TASK BRIEF:
Only the lines below from the one containing "Used Dongfeng eπ" through the one containing "Lapwing Close, Dawlish" belong in the answer, set down exactly, with the pictures left out.

RAW DATA:
◆ ◆ ◆ ◆

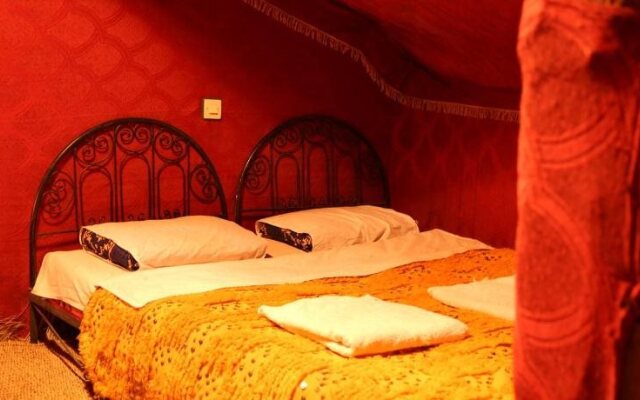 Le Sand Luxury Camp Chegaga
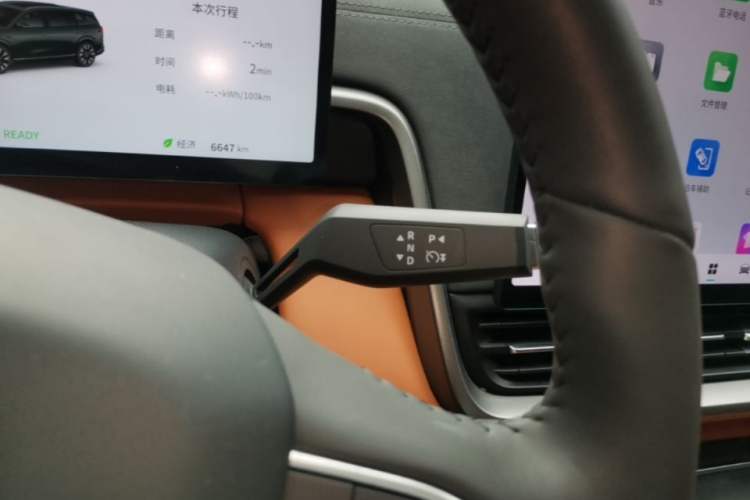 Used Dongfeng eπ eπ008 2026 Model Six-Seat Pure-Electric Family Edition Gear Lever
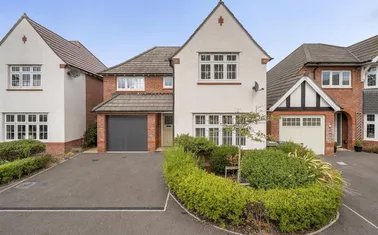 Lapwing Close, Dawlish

◆ ◆ ◆ ◆

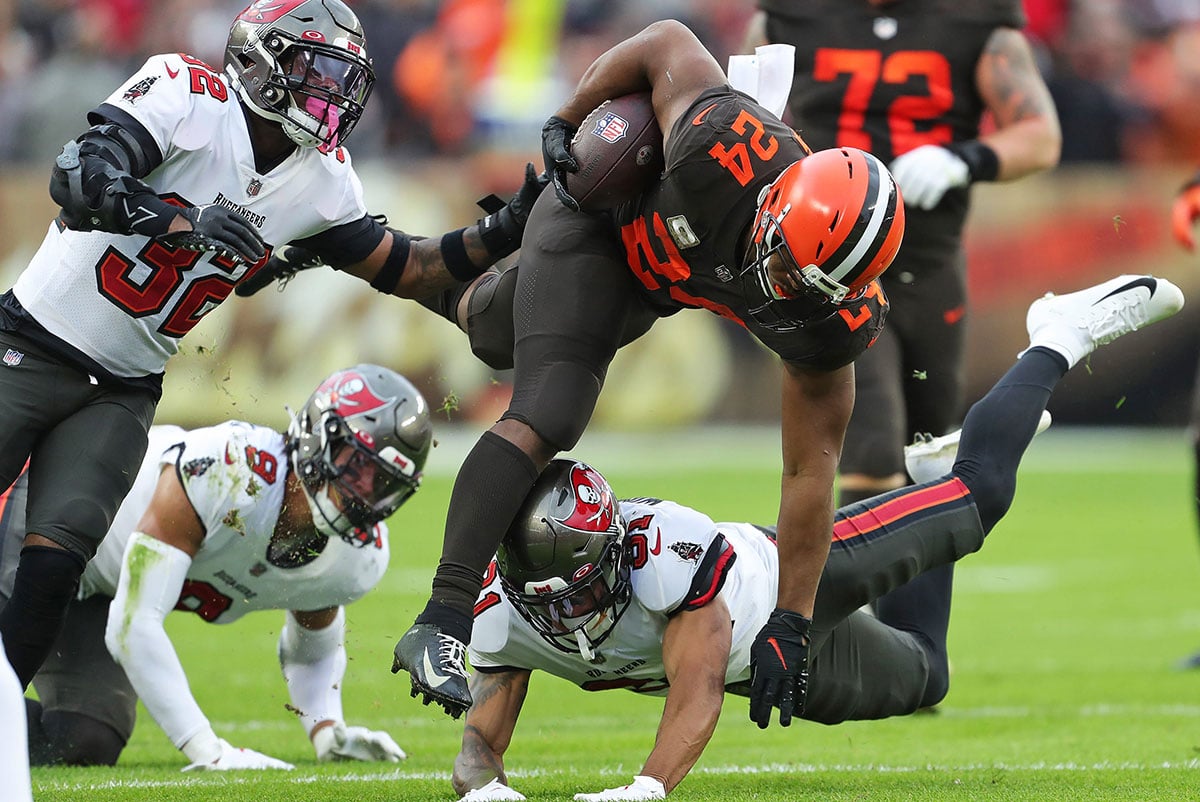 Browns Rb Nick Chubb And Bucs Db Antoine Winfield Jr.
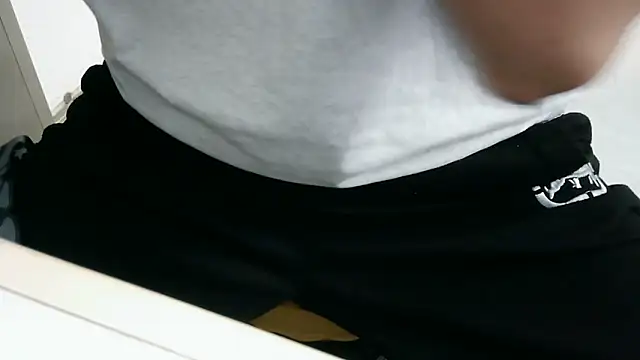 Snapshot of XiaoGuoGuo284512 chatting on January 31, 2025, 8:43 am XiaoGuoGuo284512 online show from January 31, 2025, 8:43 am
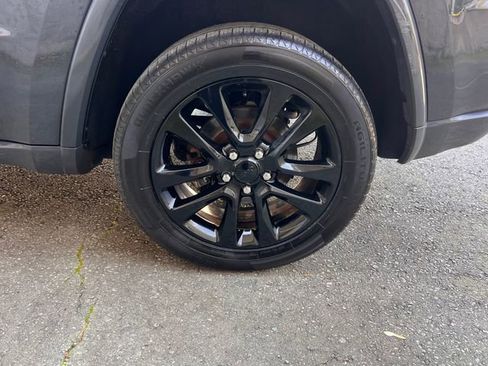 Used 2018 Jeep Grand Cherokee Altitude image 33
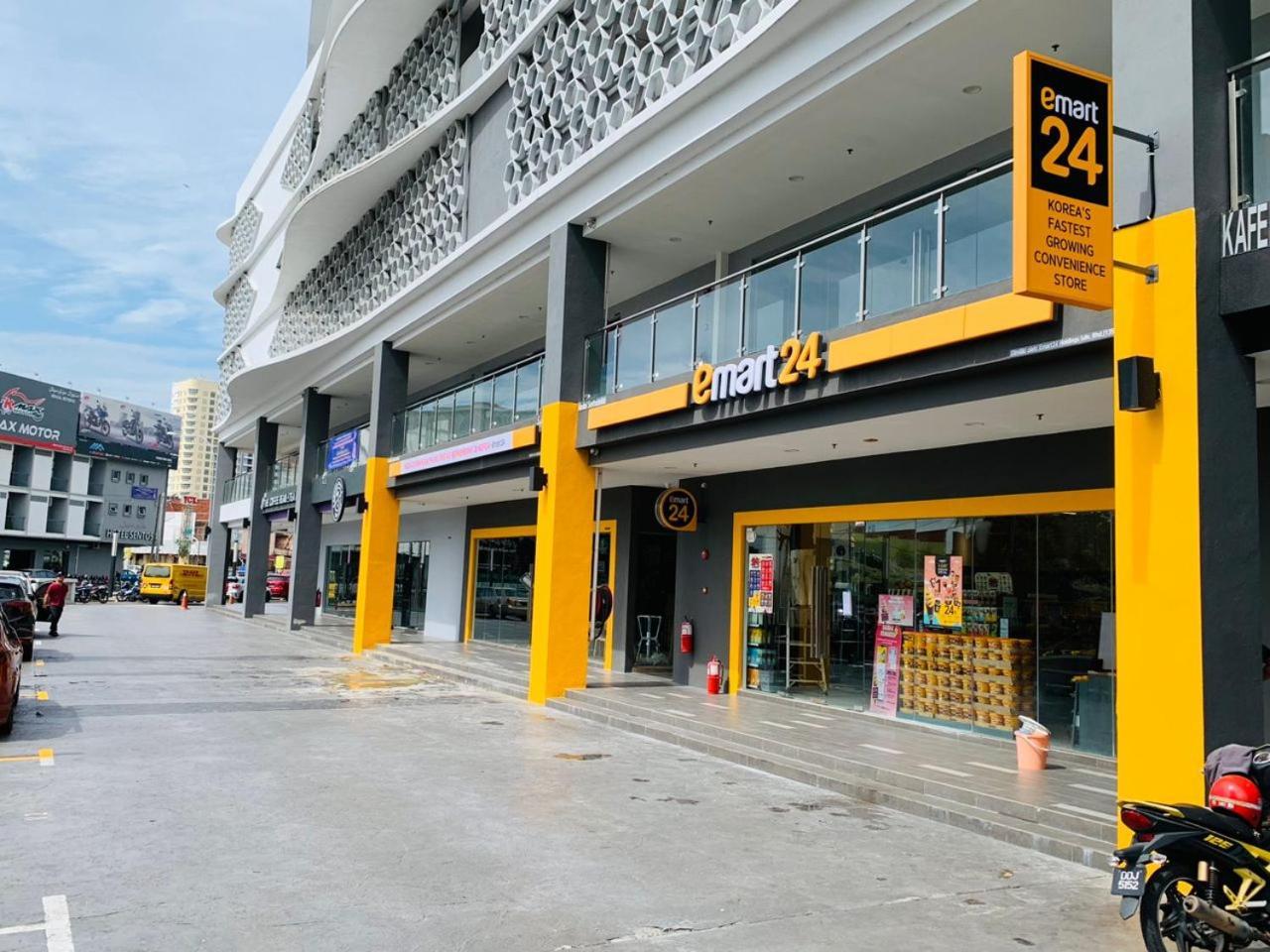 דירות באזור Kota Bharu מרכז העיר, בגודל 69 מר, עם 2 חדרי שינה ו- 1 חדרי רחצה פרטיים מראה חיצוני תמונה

◆ ◆ ◆ ◆

TASK OUTPUT:
 Used Dongfeng eπ eπ008 2026 Model Six-Seat Pure-Electric Family Edition Gear Lever
 Lapwing Close, Dawlish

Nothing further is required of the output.